Wavepacket Dynamics, Quantum Reversibility and Random Matrix Theory

TL;DR

This paper explores quantum irreversibility through driving reversal experiments, analyzing wavepacket dynamics and comparing predictions from Linear Response Theory and Random Matrix Theory, highlighting non-perturbative effects.

Contribution

It introduces the concept of driving reversal experiments as a practical approach to study quantum irreversibility and assesses the applicability of RMT and LRT in describing such phenomena.

Findings

RMT predicts strong non-perturbative response effects.

Driving reversal experiments are feasible in laboratory settings.

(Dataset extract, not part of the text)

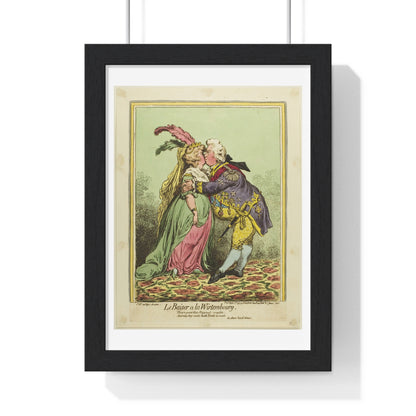 The Kiss at Würtemberg (1797) by James Gillray, from the Original, Framed Art Print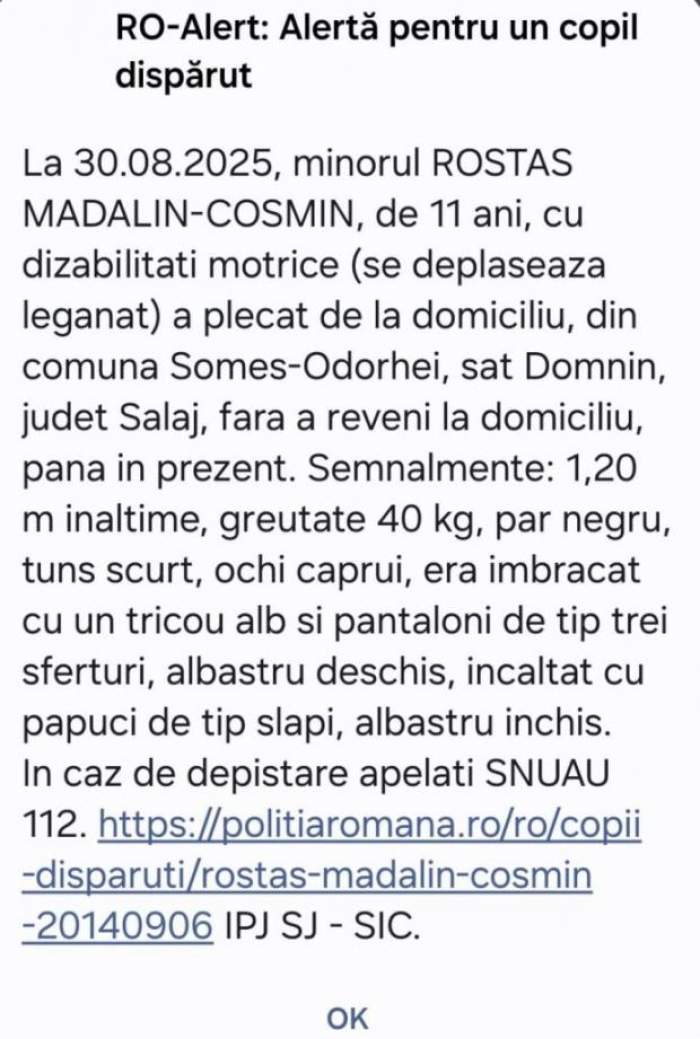 Dacă l-ai văzut pe copilul din imagine, sună la 112! Mădălin are 11 ani, suferă de epilepsie și e căutat de două săptămâni | FOTO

Differences between semiclassical and RMT predictions are identified.

Abstract

We introduce and analyze the physics of "driving reversal" experiments. These are prototype wavepacket dynamics scenarios probing quantum irreversibility. Unlike the mostly hypothetical "time reversal" concept, a "driving reversal" scenario can be realized in a laboratory experiment, and is relevant to the theory of quantum dissipation. We study both the energy spreading and the survival probability in such experiments. We also introduce and study the "compensation time" (time of maximum return) in such a scenario. Extensive effort is devoted to figuring out the capability of either Linear Response Theory (LRT) or Random Matrix Theory (RMT) in order to describe specific features of the time evolution. We explain that RMT modeling leads to a strong non-perturbative response effect that differs from the semiclassical behavior.